Plaintiff also filed the affidavit of the technician, Darryl Piearcy, who performed the windshield replacement on this claim on the behalf of Plaintiff. Mr. Piearcy is a certified windshield replacement technician with 23 years of experience performing windshield repairs and replacement in Florida and other states and participates in continuing education courses. Mr. Piearcy stated that he personally witnessed the insured sign the assignment of benefits in this claim.
Mr. Salinas and Mr. Piearcy both testified that the amounts charged on the invoice reflect a total price that is both prevailing and competitive in the area in which glass replacement services were provided. In support of this statement, Mr. Salinas and Mr. Piearcy both cite to the National Auto Glass Specification (NAGS) guidelines which establish general guidelines for auto glass pricing and maintains a database of pricing information based on national surveys identifying common prices for materials that are necessary for windshield installments. In the instant claim, Plaintiff charged an amount equal to the NAGS list price for materials (i.e., 100% of NAGS) and charged the amount of labor hours specified by NAGS. Mr.

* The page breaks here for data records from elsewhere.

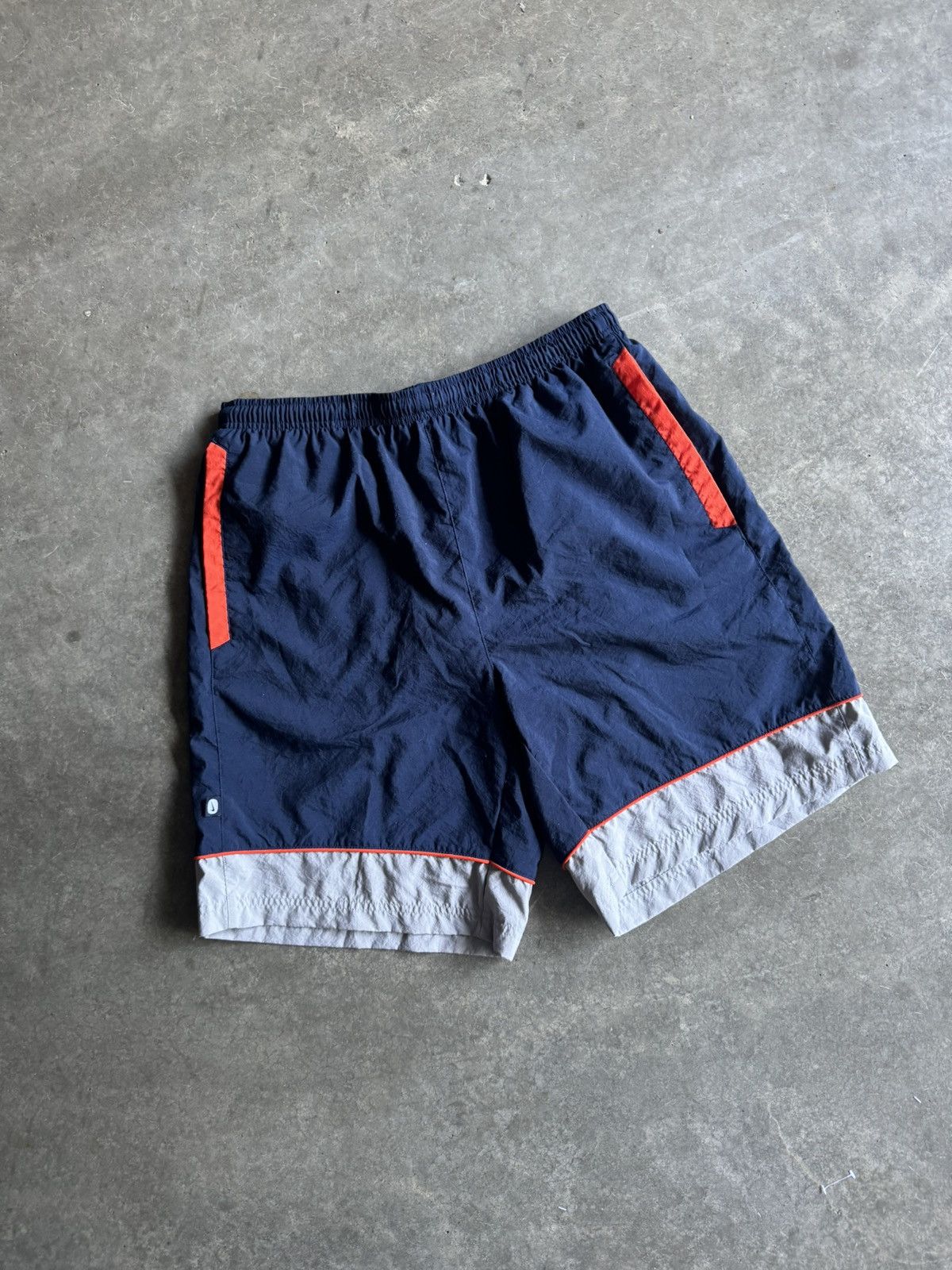 Nike Y2K Nike Essential Swoosh Track Shorts Size US 33 - 2 Thumbnail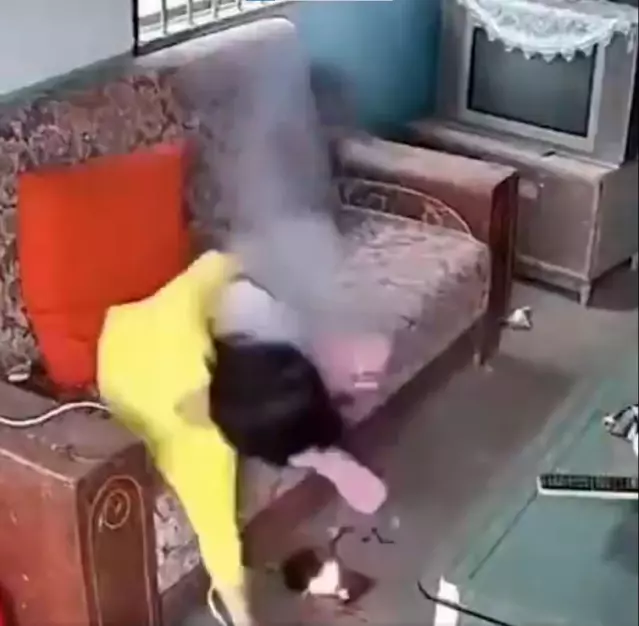 Küçük çocuğun elindeki telefon patladı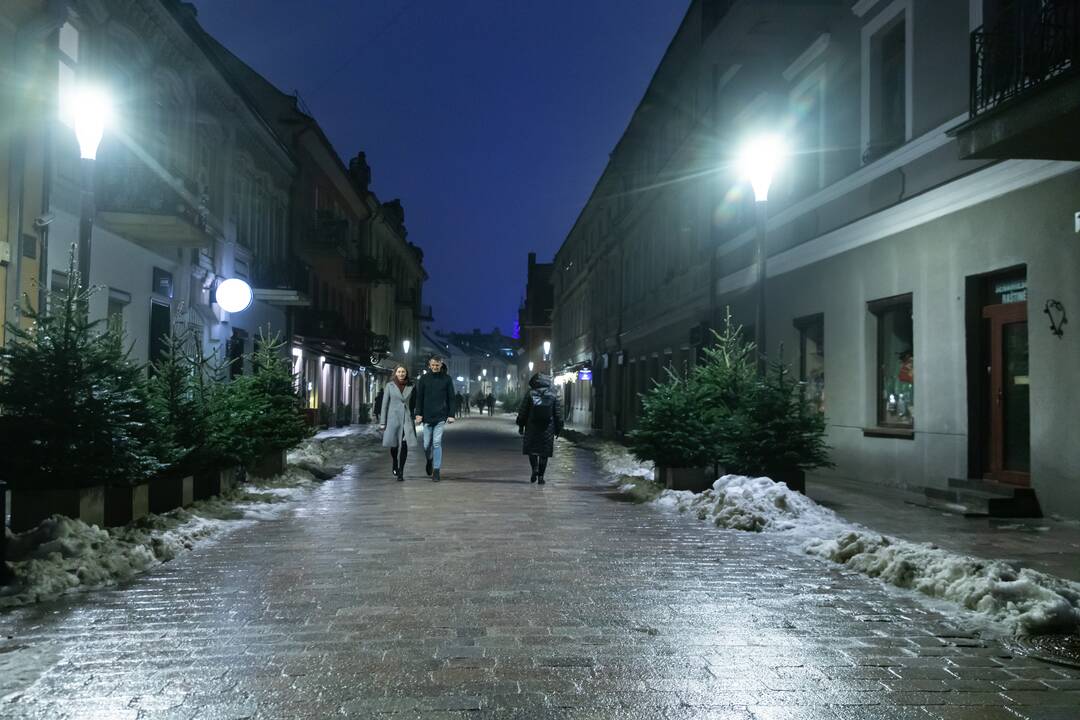 Kaune valandai užgeso Kalėdų eglė ir šventinis apšvietimas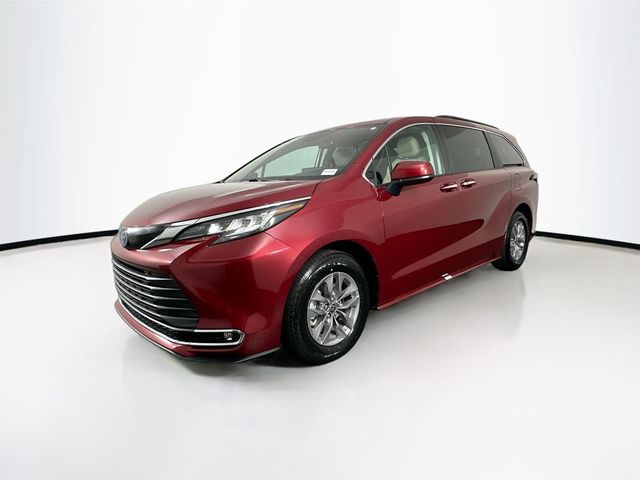 2023 Toyota Sienna XLE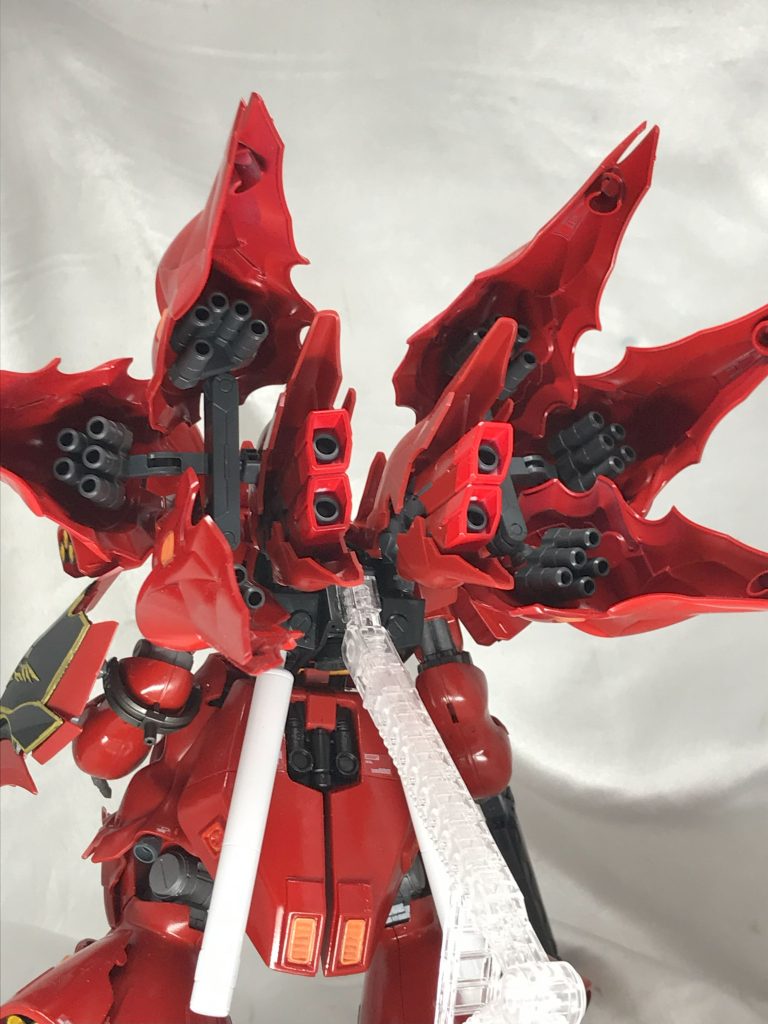 一見推進に見えますがバインダーのは全部ファンネルです。ファンネルはSDのネオジオングの拳部分を取り付けて筒ファンネル風にしました。30基のファンネルはすごそうです。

Salinas and Mr. Piearcy further testified that prior to setting Plaintiff’s prices, Patriot conducted a market survey by contacting various local windshield replacement facilities and automobile dealerships to research what was being charged for windshield replacements in the community.
Once the Plaintiff has met its by establishing its claim, the burden now shifts to the Defendant to establish that the amount sought is limited by the terms of the policy and that there remains a genuine issue of fact. In support of Defendant’s Motion for Summary Judgment, Defendant has filed the affidavit of Susanna Eberling, Defendant’s Continuing Unit Examiner. Ms. Eberling’s affidavit does not identify any methodology as to how the “prevailing competitive price” was determined. Ms. Eberling’s affidavit does not provide any data relating to any prices that are “prevailing” or “competitive.” Additionally, Ms. Eberling is not able to provide any information as to why the repairs done and amount charged in this case should not be considered the prevailing competitive price. The affidavit states, “the price GEICO paid Patriot in this claim, $300.78, is the amount that did not exceed the price GEICO could secure from a competent and conveniently located repair facility.” That is a conclusory statement without factual support. Pino v. Lopez, 361 So.2d 192 (Fla. 3d DCA), cert. denied, 365 So.2d 714 (Fla.1978) (plaintiff’s affidavit in opposition to motion for summary judgment was insufficient as a matter of law because it alleged conclusions of law without supporting facts).
Therefore, it is hereby ORDERED AND ADJUDGED that Final Judgment is hereby entered in favor of the Plaintiff, PATRIOT GLASS, LLC, which shall recover from Defendant GEICO INDEMNITY COMPANY the principal sum of $364.97 plus statutory interest for which let execution issue forthwith.
The Plaintiff is the prevailing party and is entitled to an award of attorneys’ fees and costs in an amount to be determined. The Court retains jurisdiction to determine the amount of attorneys’ fees and costs to which Plaintiff is entitled to recover.